Why are fields like law, medicine, and mathematics more receptive to women?

40 years ago, the personal computer was marketed at boys. That's just a type of marketing we are still trying to correct over 2 generations later.

And that's how we should treat it. It's too later to get people interested in engineering in college. you need to start 5 years earlier minimum. Ideally 10 years earlier.

nobody marketed personal computer to me 25 years ago. but my interest in hacking it was so much bigger than my sisters I became a programmer. Changing that isn’t a matter of correction. You need to actively remove boys that are more interested which not yield the best results
>but my interest in hacking it was so much bigger than my sisters I became a programm

That's a whole generation off the ads of the 80's that was selling this as a toy for boys. The bulk of that marketing was already culturally set by the new millennium.

And you may have missed the 90's marketing too. If you watched Hackers (1995) or any other media featuring "nerds" with computers in that decade and weren't at least turned off, the marketing worked. Because you chose to go through and it likely portrayed hacking as an undesirable male hobby for women.

> Changing that isn’t a matter of correction. You need to actively remove boys that are more interested which not yield the best results

You underestimate the power of marketing. Going from barely any women in the 2000s to 20% in the next decade (half a generation) is herculean effort. That doesn't happen naturally.

One of the main characters in Hackers was a woman and she was portrayed as the best, or among the best. Not sure how this supports your argument.
> moreover, 40 years ago you could be making the same sorts of just-so stories up about law or medicine.

No you couldn't as women were barred from those fields pretty recently then. No women working today has been barred from physics or engineering, the situation is not the same.

I’ll give you a pretty easy example. I was looking at a design doc I was consulting on. The lead engineer said “oh sorry, this document was for real engineers”.
My partner has a PhD in maths and physics and she absolutely suffers from discrimination in both fields for being a woman. It’s a field full of men who aren’t very in tune in what it means to be appropriate and professional around women, she is constantly dismissed and ignored despite being a leading expert in the world for what she does, and has had men make non consensual advances on her including her having to duck away from men trying to kiss her unprompted.

She knows women who haven’t had this experience as strongly but it definitely happens to a lot of them in fields dominated by men who have very poor social conditioning when it comes to women.

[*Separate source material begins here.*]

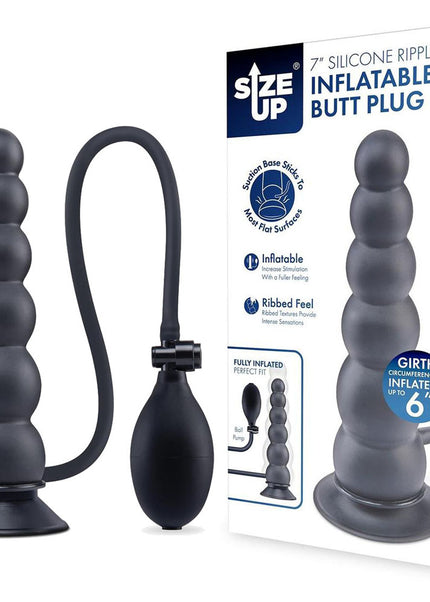 Size Up 7 Inch Ripple Inflatable Butt Plug - Black 20.3 cm Inflatable Butt Plug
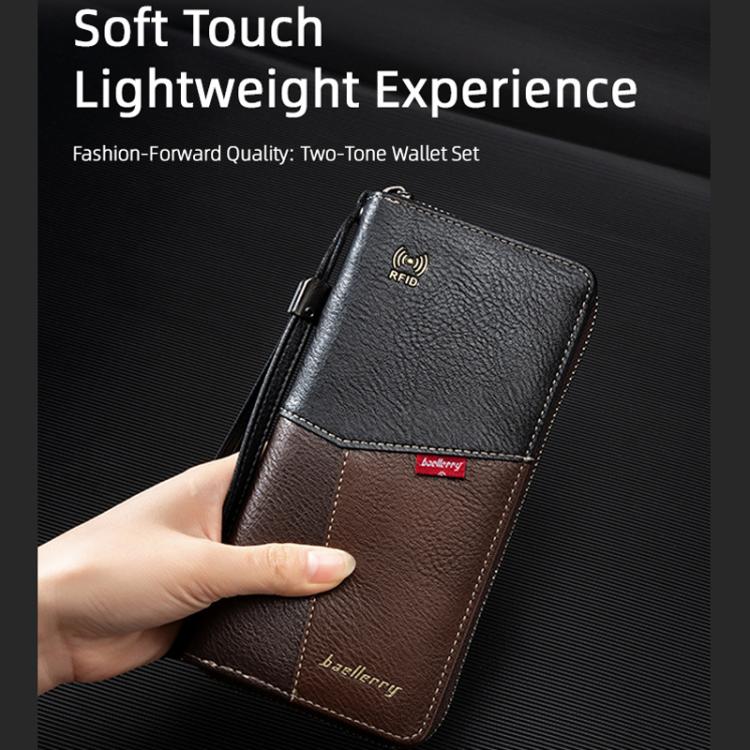 Two-tone RFID leather wallet with wrist strap, zipper closure, and card-slot panel design.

Her experience was actually worse in Europe than the US, too. To the point that she refuses to ever work in a certain country again, which is a shame given it’s a great opportunity

> It seems like we (the US) should be doing more across the board to help students and provide them opportunities, regardless of gender, race, sexuality, etc. Constant culture war spats and identity politics aren't helping anyone.

It's a nice sentiment, though a quick look at our history reveals that it's all about identity politics and culture wars. There is no way to move past it because the US is, and will remain, a divided, multicultural, individual-focused nation. It's one of my favorite aspects of the country, though it's caused no small amount of grief.